> [TO DO]
Return the full listing unchanged, excluding any images it contains.

> [DATA LISTING]

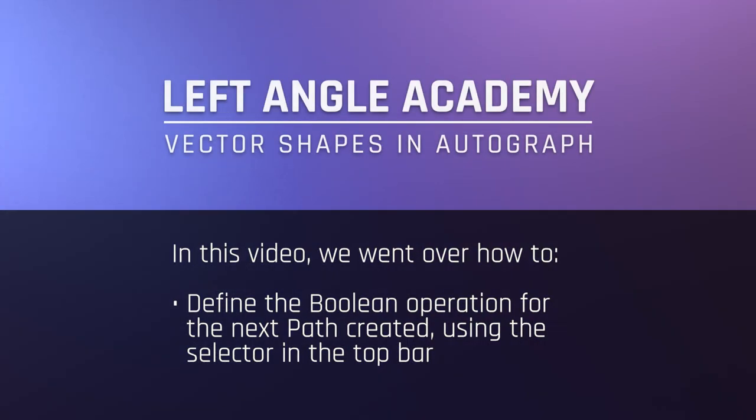In this video, we went over how to define the boolean operation for the next path created using the selector in the top bar.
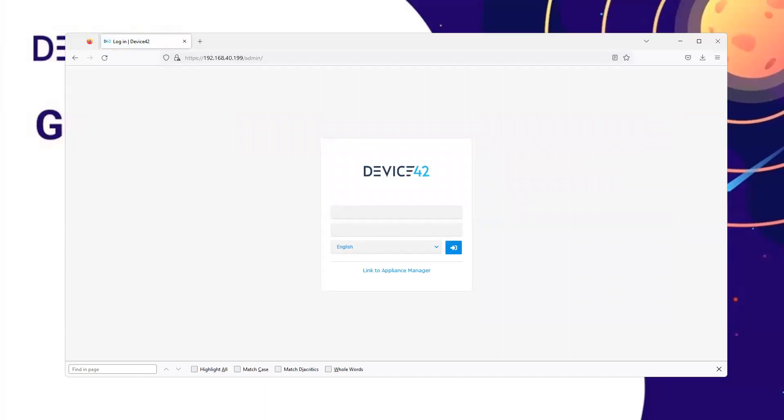Today, we will go through the steps on how to update the main appliance. The first step is to log in to the main appliance.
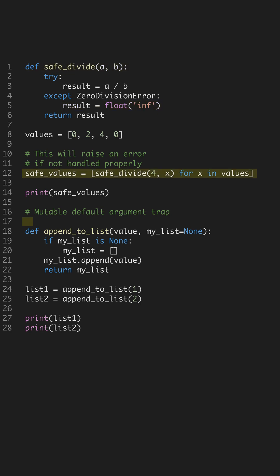Another common issue is using mutable default arguments. Python only initializes default arguments once, which can lead to unexpected behavior. By setting the default argument to none and creating a new list inside the function, you avoid this trap, ensuring that each call operates independently.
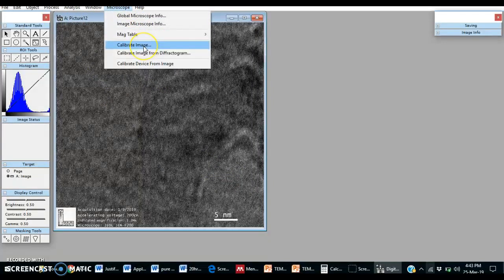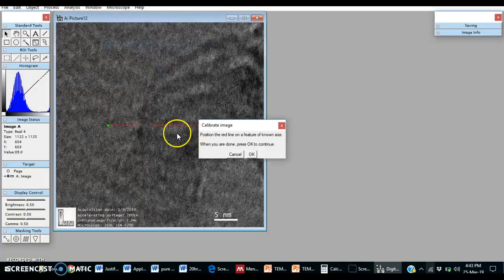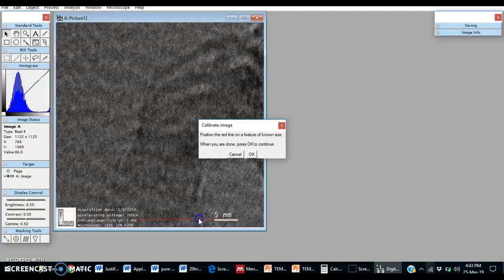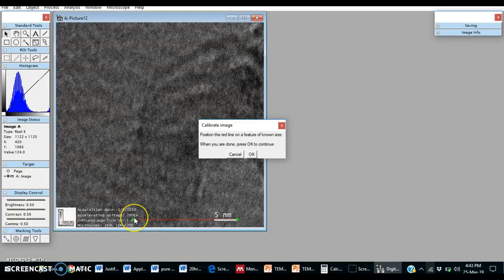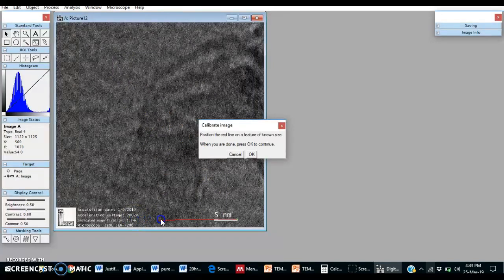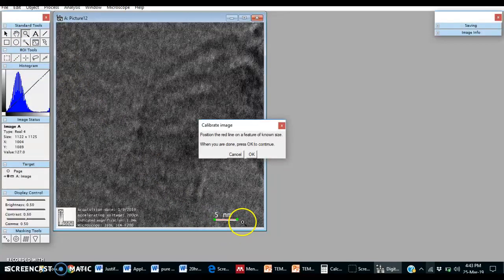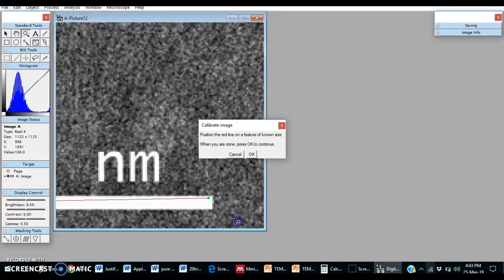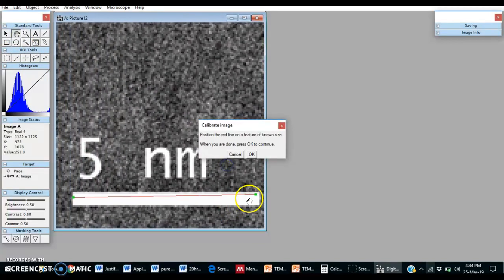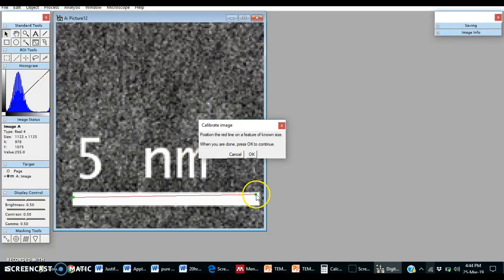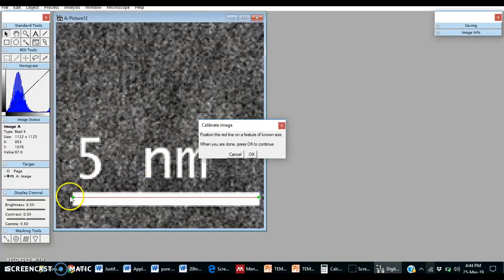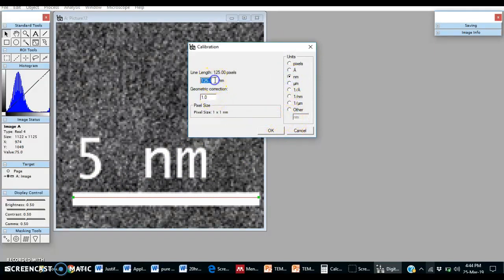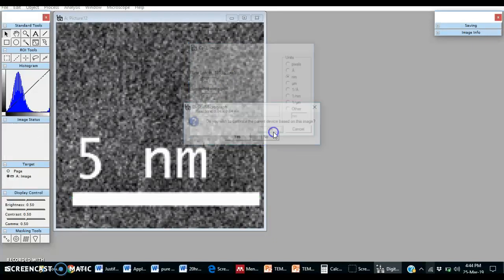Put this arrow on this scale. Make it small. But if you want to do it precisely, then we need to zoom it. So this is five nanometers. This is a calibrated image now.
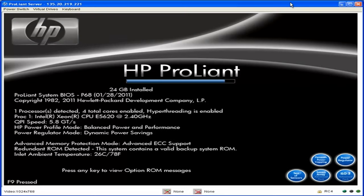You want to connect the KVM to the back of the server and reboot the server by power cycling it. When the HP ProLiant power and thermal calibration completes, you will be able to see the F9, F10, and F12 prompts. You want to press F9 to enter the BIOS graphical user interface.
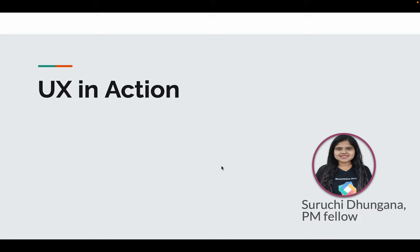Hello everyone, I'm Suruchi Dungana, PM Fellow at OpenMRS. Today I'm going to share how I entered the world of UX and how understanding users helped me in designing better UI and UX.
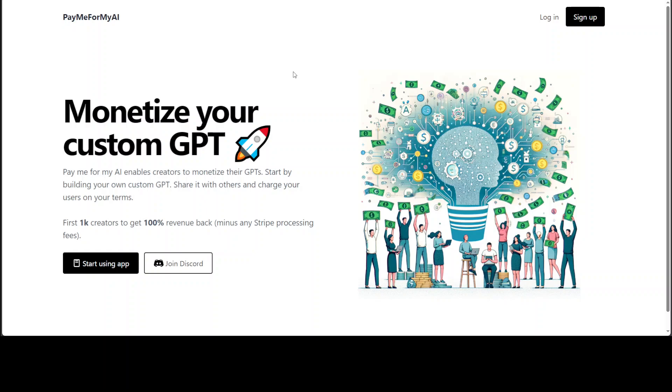I'm not sure if the first 1K creators are already there, but you can always try out. If you need more information, there is also a Discord channel for this tool which you can join, and I'll drop the link to this website in the video's description.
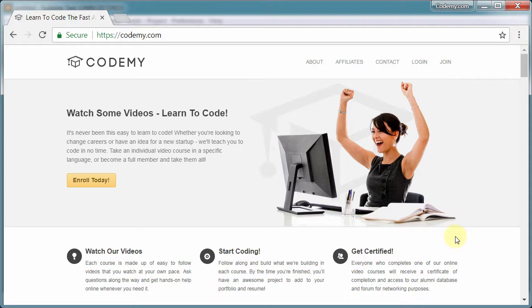It also allows us to install different versions of things. So we can install different versions of Python, different versions of Django, inside of our virtual environment much easier than installing them in our main computer. So it's just a best practice, especially with Python and Django, that you use a virtual environment. It's totally free and really easy to set up and use, so we're going to do that in this video.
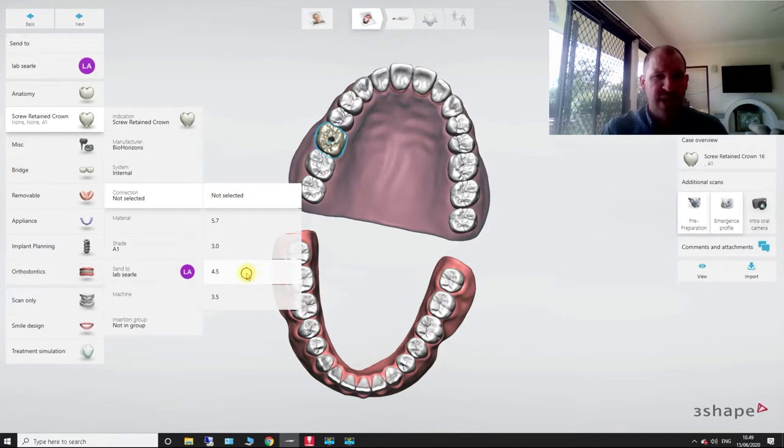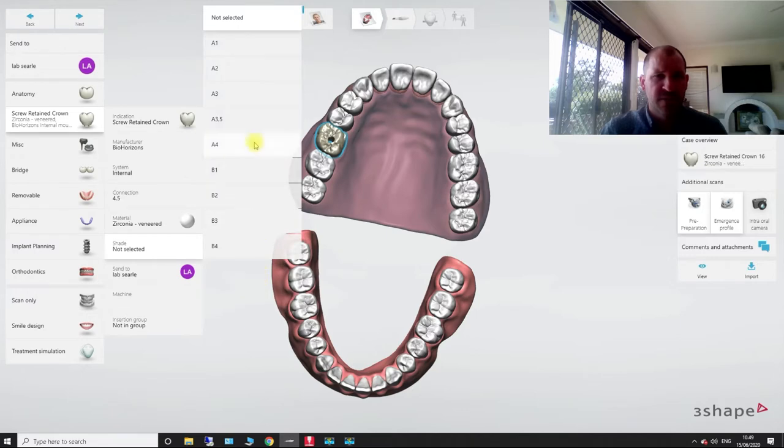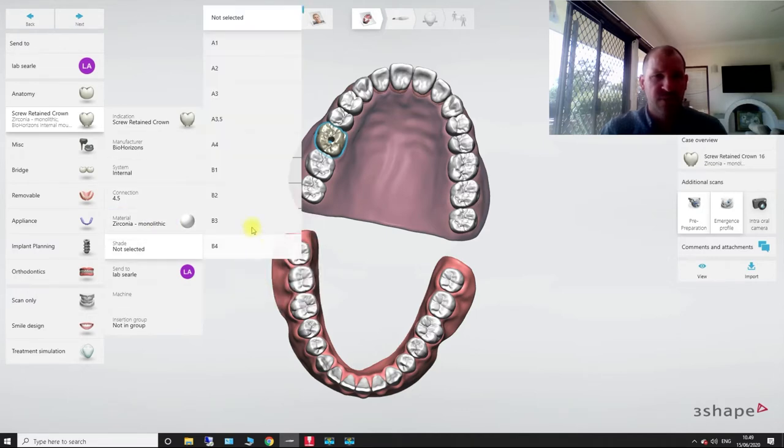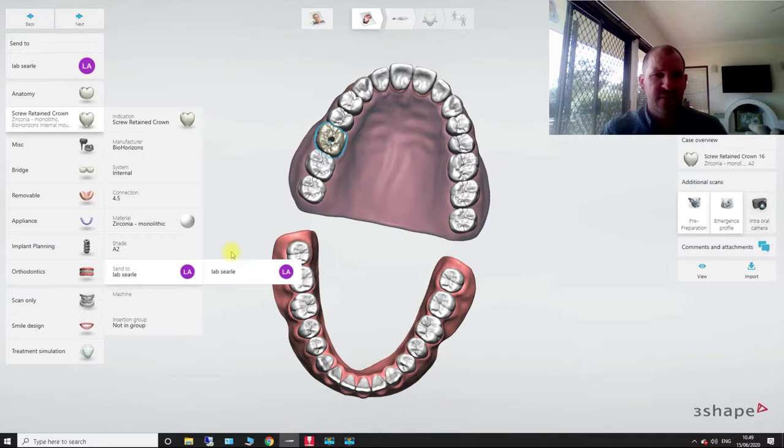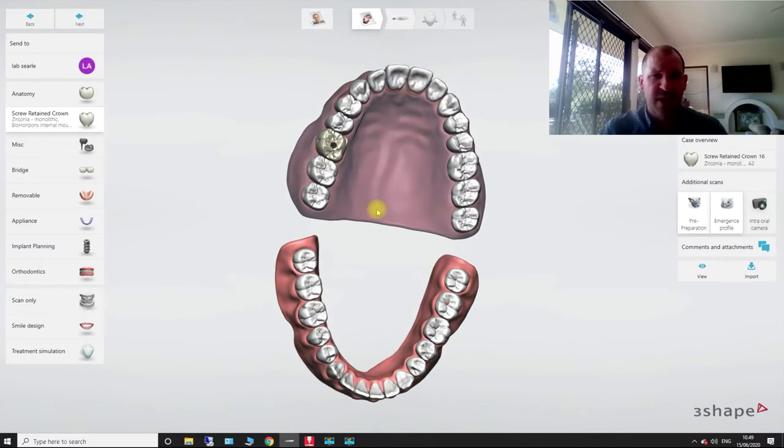We'll choose our size. So we're going to put our material in. So let's go zirconia monolithic, A2, the lab that we're sending to, and it's not in the group. So that's a single implant.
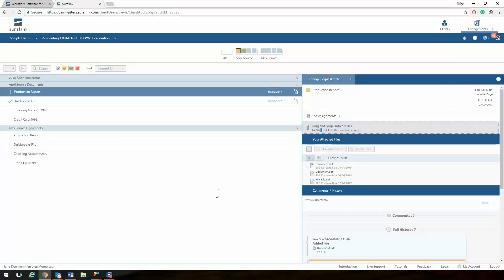Finally, to improve the user experience, let's update your notification settings. To modify the frequency of how often you receive the email notifications from SureLink, you will click on My Account on the bottom right of your screen.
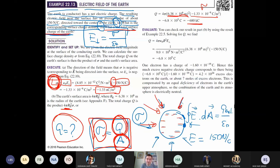With this example, I finish this chapter. Next week, we will continue with electric potential. See you next week.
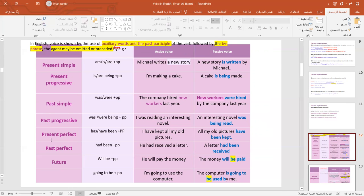Let's move to the present perfect. In a passive sentence, we use has/have been plus the past participle. In a sentence like 'I have kept all my old pictures' — present perfect — it becomes 'All my old pictures have been kept.'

> [SOLUTION TO THE PROBLEM]
In this video, we went over how to define the boolean operation for the next path created using the selector in the top bar.
Today, we will go through the steps on how to update the main appliance. The first step is to log in to the main appliance.
Another common issue is using mutable default arguments. Python only initializes default arguments once, which can lead to unexpected behavior. By setting the default argument to none and creating a new list inside the function, you avoid this trap, ensuring that each call operates independently.
Put this arrow on this scale. Make it small. But if you want to do it precisely, then we need to zoom it. So this is five nanometers. This is a calibrated image now.
You want to connect the KVM to the back of the server and reboot the server by power cycling it. When the HP ProLiant power and thermal calibration completes, you will be able to see the F9, F10, and F12 prompts. You want to press F9 to enter the BIOS graphical user interface.
Hello everyone, I'm Suruchi Dungana, PM Fellow at OpenMRS. Today I'm going to share how I entered the world of UX and how understanding users helped me in designing better UI and UX.
I'm not sure if the first 1K creators are already there, but you can always try out. If you need more information, there is also a Discord channel for this tool which you can join, and I'll drop the link to this website in the video's description.
It also allows us to install different versions of things. So we can install different versions of Python, different versions of Django, inside of our virtual environment much easier than installing them in our main computer. So it's just a best practice, especially with Python and Django, that you use a virtual environment. It's totally free and really easy to set up and use, so we're going to do that in this video.
We'll choose our size. So we're going to put our material in. So let's go zirconia monolithic, A2, the lab that we're sending to, and it's not in the group. So that's a single implant.
Finally, to improve the user experience, let's update your notification settings. To modify the frequency of how often you receive the email notifications from SureLink, you will click on My Account on the bottom right of your screen.
With this example, I finish this chapter. Next week, we will continue with electric potential. See you next week.
Let's move to the present perfect. In a passive sentence, we use has/have been plus the past participle. In a sentence like 'I have kept all my old pictures' — present perfect — it becomes 'All my old pictures have been kept.'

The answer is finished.